Drop the pictures; give again exactly the lines from the one holding "Wood Duck (Aix sponsa), photo 7" through the end of the data.

• RECORDED DATA:
○ ○ ○ ○ ○ ○ ○
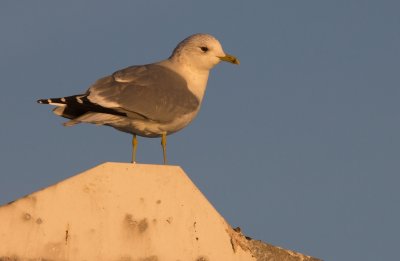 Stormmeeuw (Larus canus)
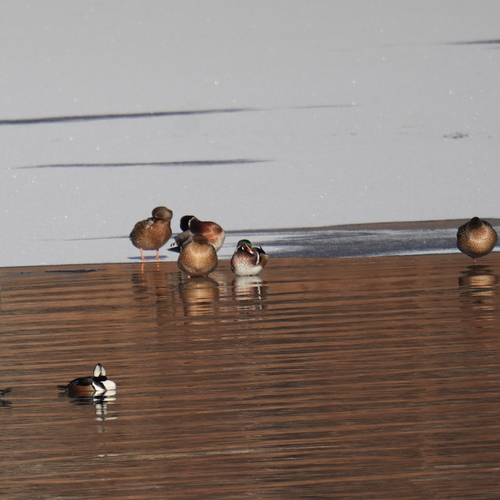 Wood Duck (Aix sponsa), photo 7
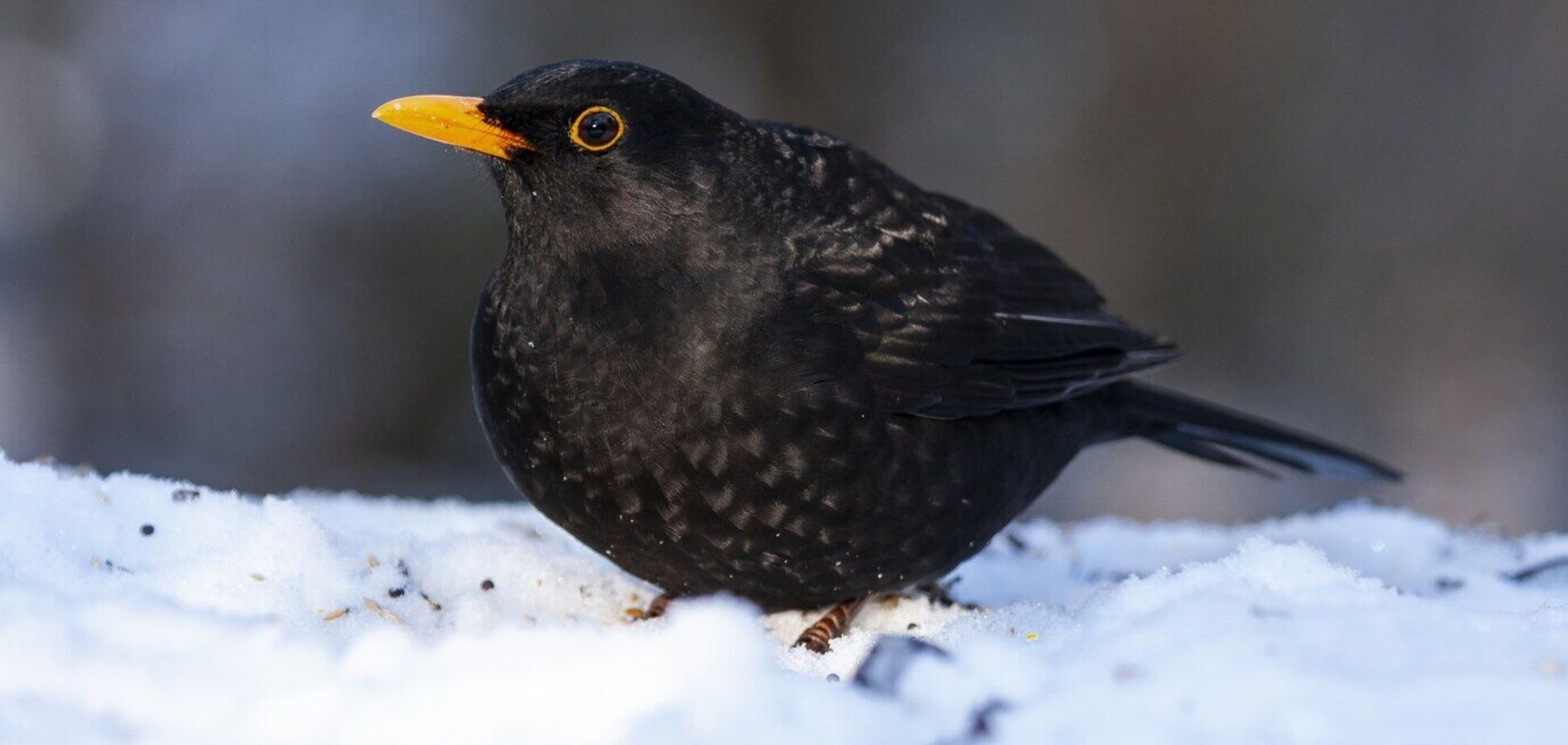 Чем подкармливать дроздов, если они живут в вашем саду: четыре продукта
○ ○ ○ ○ ○ ○ ○
• ANSWER SPACE:
 Wood Duck (Aix sponsa), photo 7
 Чем подкармливать дроздов, если они живут в вашем саду: четыре продукта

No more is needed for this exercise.